Here's a condensed backstory: Tinder is under IAC's umbrella because it was launched as part of Hatch Labs, Dinesh Moorjani's digital sandbox for startups backed by both IAC and Xtreme Labs. Palihapitiya, founder of Social+Capital Partnership gained a stake in Tinder when he bought a majority stake in Xtreme Labs in 2012.
Besides Moorjani's sizable share, some ex-Hatch Labs folks stand to get a tiny fraction of equity in Tinder if an event occurs before October 15th, but it doesn't seem like the kind of payout that would delay a plum deal.
This past December, Yagan told Valleywag:
Match owns Tinder you can see that by the way we consolidate their financials. I mean if we didn't own Tinder—it's not like we just all of a sudden woke up one morning and said we should claim ownership of a company. We launched Tinder last year [...]
We consolidated it, we started it, we own it.
His comments were in response to a rumor I heard that VCs buzzing around Tinder decided they didn't have a chance. Since then, Yagan has been implicated in the sexual harassment lawsuit for ignoring the conduct of cofounder Justin Mateen and Yagan has had to publicly dispel the $5 billion valuation report that definitely didn't come from Camp IAC, which has to answer to public shareholders.
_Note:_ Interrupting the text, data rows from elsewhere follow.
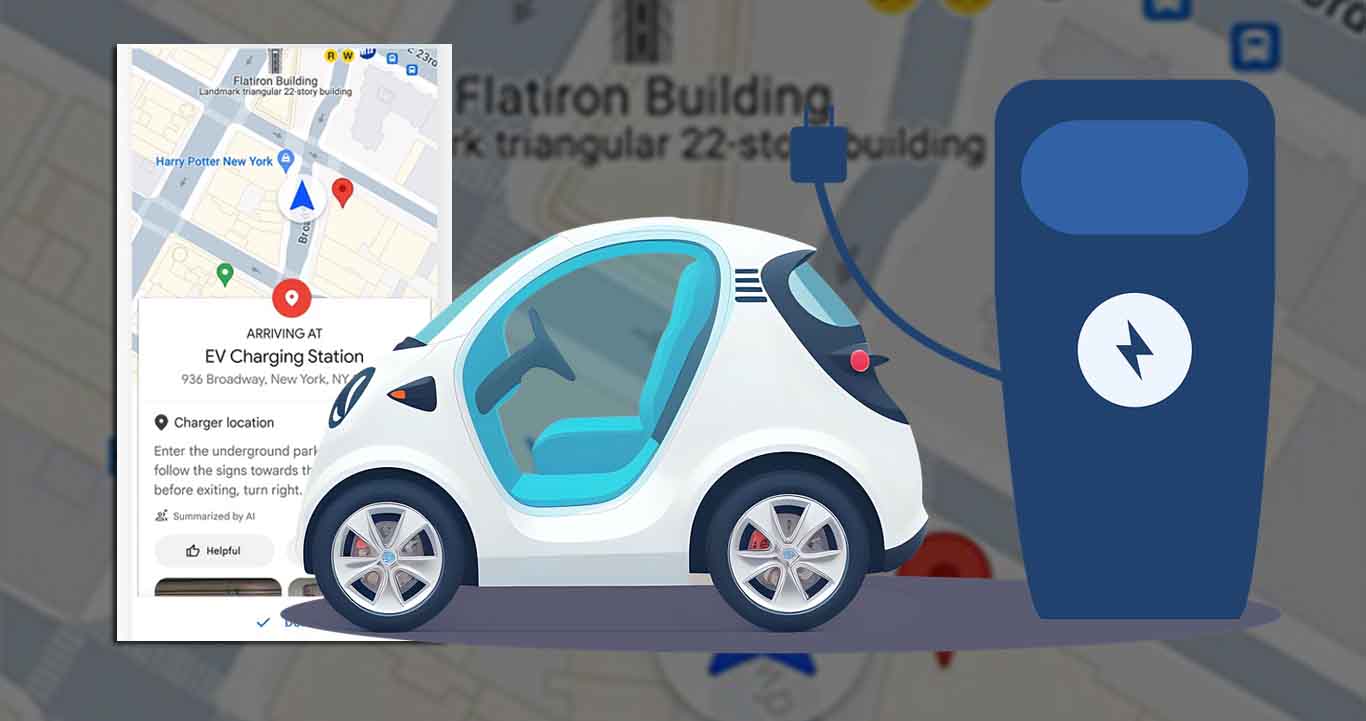 AI-powered summaries is the New ways to find nearest EV charging station on Google Maps in India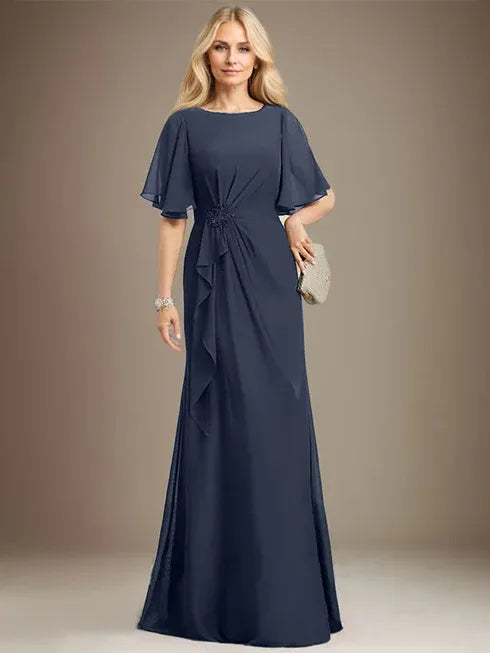 A-line Scoop Floor-Length Chiffon Mother of the Bride Dress With Cascading Ruffles Beading Sequins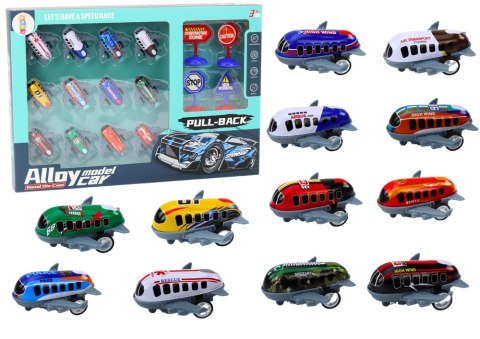 Zestaw 12 Autek Samolotów Z Napędem 5cm Znaki Drogowe LEAN Toys Zestaw 12 Autek Samolotów Z Napędem 5cm Znaki Drogowe LEAN Toys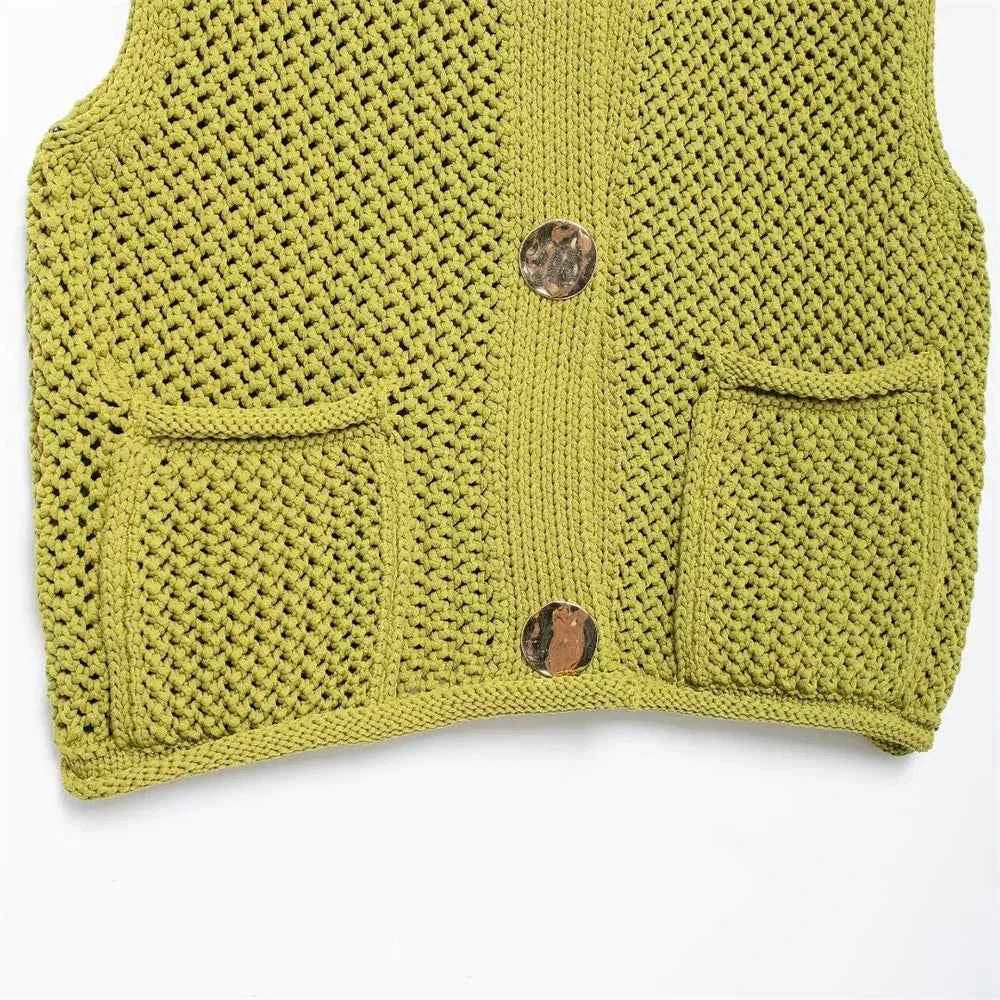 Fashionable American V-Neck Sleeveless Knit Cardigan
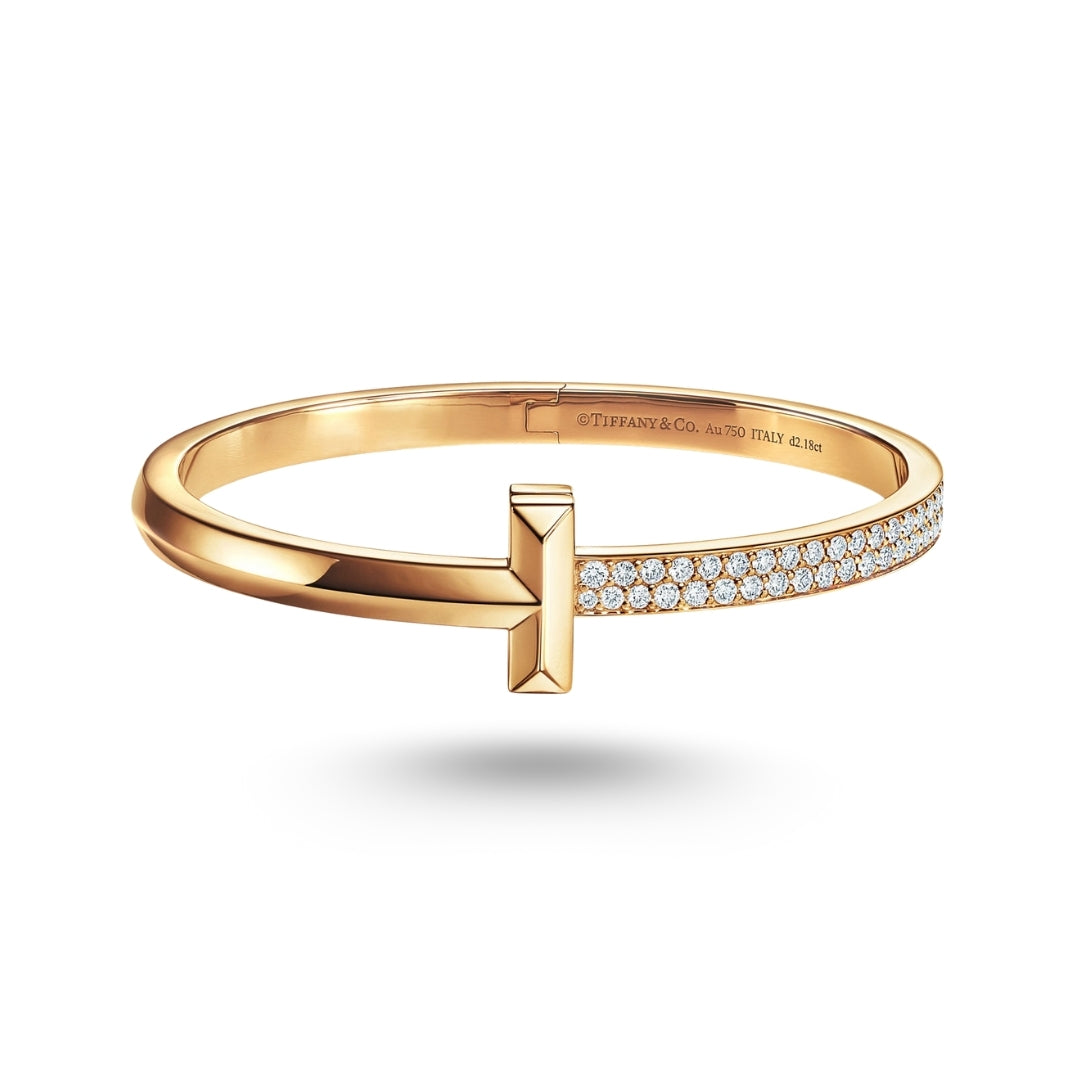 Bracelet Tiffany T orné de diamants en or jaune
IAC's most recent SEC filing said revenue for The Match Group increased 8 percent in the past quarter to $214.3 million driven by a 7 percent increase in Dating revenue. None of that came from Tinder. Match is currently no. 10 among top-grossing apps in the Apple App Store and OkCupid is no. 28, even though Tinder ranks higher than them among free apps.
During IAC's last earnings call, Greg Blatt, the chairman of The Match Group, could not get away from question after question about the app, in particular how IAC planned to make money off of Tinder. He said the process would start late in the third quarter or early in the fourth. Blatt admitted that IAC made a misstep by focusing dating efforts on the mobile web, rather than mobile apps, "missing out on big customer acquisition opportunities."
So, why not let the Snapchat investors share the burden of turning Tinder into cash?